Biz ekonomi ve siyasete odaklanmışken diğer FETÖ’cüler de boş durmuyor. Eski futbolcusu, gazetecisi gündemde kalmak için her yolu deniyorlar. Zaten bu örgütün en önemli özelliği teflon karakterli olmak. Adamlarda elbette utanma yok. Hiçbir şey olmamış gibi kendilerini kabul etmemizi bekliyorlar. Şekilden şekle girmeyi çok iyi biliyorlar. Şimdi ise eli kanlı bir terör örgütünün üyesi, destekçisi değil de sırf Cumhurbaşkanı Erdoğan’a muhalif oldukları için yurtdışına çıkmak zorunda kalan mağdur pozundalar. Elbette masumlar, 15 Temmuz gerçekleri de bir gün ortaya çıkacak(!) Bu kafaya ulaşmak için ne kullanıyorlar merak ediyoruz…

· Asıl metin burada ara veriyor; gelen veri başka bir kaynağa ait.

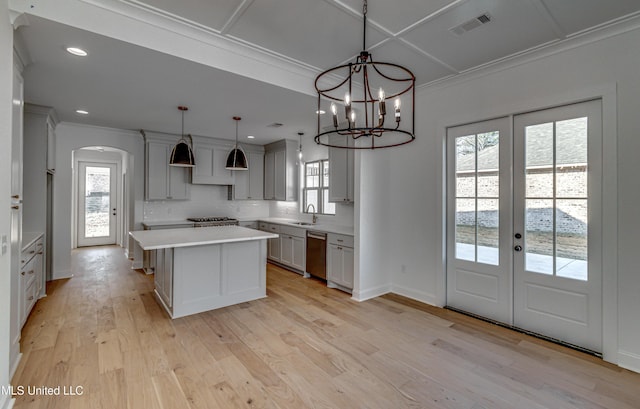 kitchen with a wealth of natural light, dishwasher, a kitchen island, decorative light fixtures, and light wood-type flooring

Fatih Terim’in hayatını anlatan Netflix belgeselinden sonra Hakan Şükür sosyal medyada tekrar gündem oldu. Belgeseli çekenler Galatasaray tarihinde Hakan Şükür, Arif Erdem yokmuş gibi davranmış, attığı goller makaslanmış. Durduk yere hainlere meşruiyet şansı vermekten başka bir şeye yaramamış. Oysa biraz akıllıca davranılsa hem bu futbolculardan bahsedilebilir hem de FETÖ gerçeği bütün dünyaya anlatılabilirdi. Çünkü belgesel dünya genelinde yayında. Fatih Terim, İtalya başta olmak üzere özellikle Avrupa’da tanınan, sevilen bir isim. Doğal olarak hayatı ilgi çekiyor.

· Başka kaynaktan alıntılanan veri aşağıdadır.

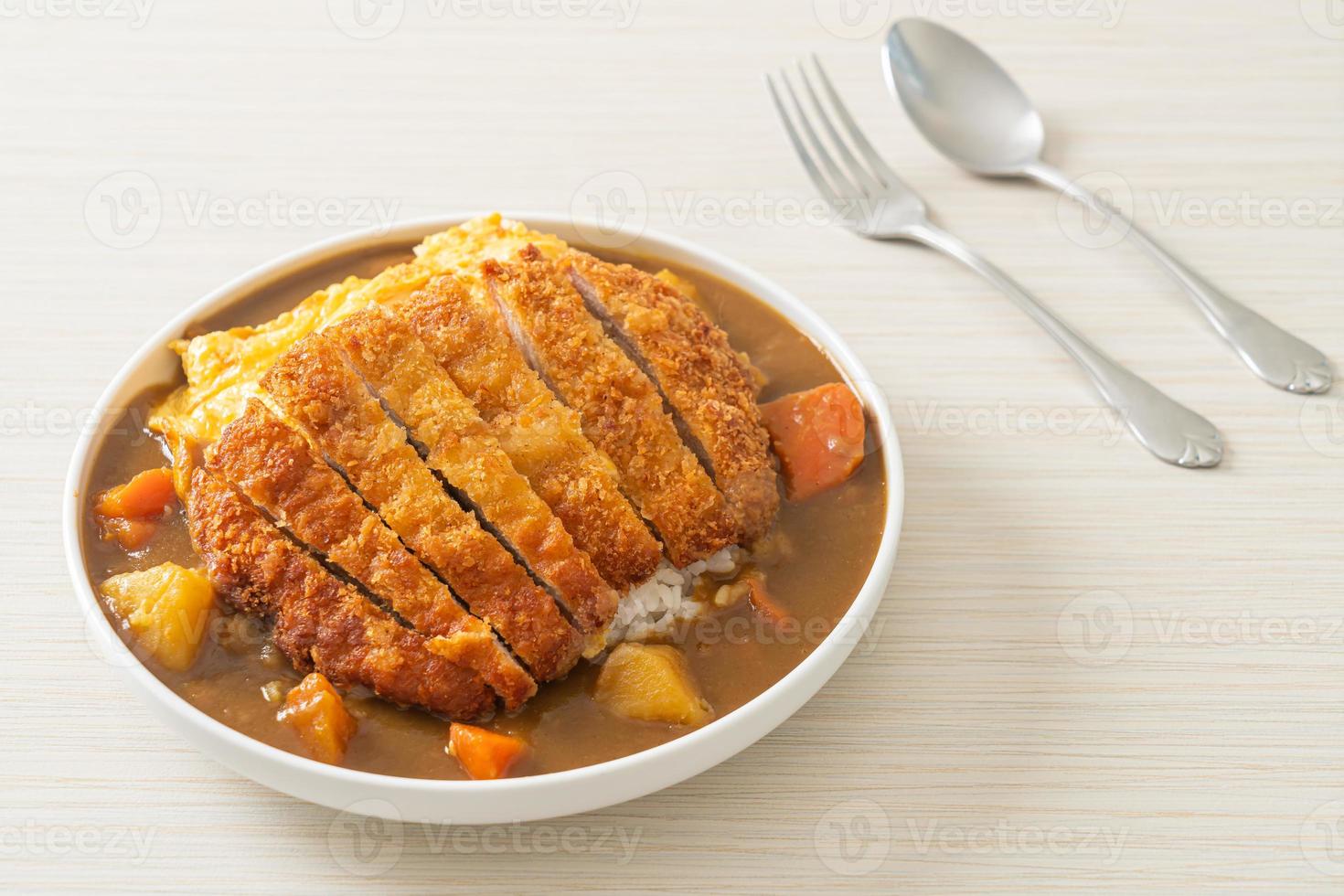 arroz al curry con chuleta de cerdo frita y tortilla cremosa foto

Yapılması gereken şey çok basitti. Hakan Şükür ve Arif Erdem’in gollerine, hikâyesine diğer futbolcular gibi olayın doğal akışında yer verilir. Ardından en fazla beş dakika da bu iki futbolcunun FETÖ ile bağlantıları, FETÖ’nün bu ülkeye neler yaptığı 15 Temmuz görüntüleri eşliğinde anlatılabilirdi. Hakan Şükür’ün 15 Temmuz’dan çok önce Amerika’ya, Arif Erdem’inde 15 Temmuz’dan sonra Yunanistan’a kaçtığı belirtilebilirdi. Fatih Terim bile bu iki futbolcu için bir değerlendirmede bulunabilirdi. Fakat işin içinde Netflix olunca elbette böyle olmuyor. Adamların işi algı oluşturmak. Bu tarz tartışmalarla daha fazla izlenme oranı elde ettiler. Hakan Şükür sosyal medyada görünmekten çekinmiyor. Kendi arasında futbol yorumculuğu bile yapıyor. Arif Erdem’den ise haber yok. Arif’in Manchester’a attığı gole ulaşabiliyoruz ama kendisi nerede, ne yapıyor bilmiyoruz…
Hakan Şükür ve Arif Erdem’in sırf FETÖ’cü oldukları için futbolculuklarının tartışmalı hâle getirilmesi komik. Böyle davranarak onlara istediklerini vermiş oluyoruz. Siyasi iktidardan korktuklarından bizim kariyerimizi bile inkâr ediyorlar diye propaganda yapıyorlar. Futbol tarihimizden bu iki ismi silemeyiz. Kariyerleri ortada. Fakat peşine FETÖ’cü oldukları gerçeğini sürekli vurgulamalıyız. İnsanın geçmişinden çok bugünü önemlidir. Spor ya da sanat camiasında çok yetenekli olmalarına rağmen özel hayatları tartışmalı isimler vardır. Uyuşturucu kullanmış, alkol batağına düşmüş, sürekli şiddet haberlerine özne olmuş isimler. Bunların yaptıkları işi takdir etmeye devam ederiz. Çünkü adamlar kendilerine zarar vermişlerdir. Maradona, İbrahim Tatlıses gibi farklı kulvarlarda onlarca isim sayabiliriz.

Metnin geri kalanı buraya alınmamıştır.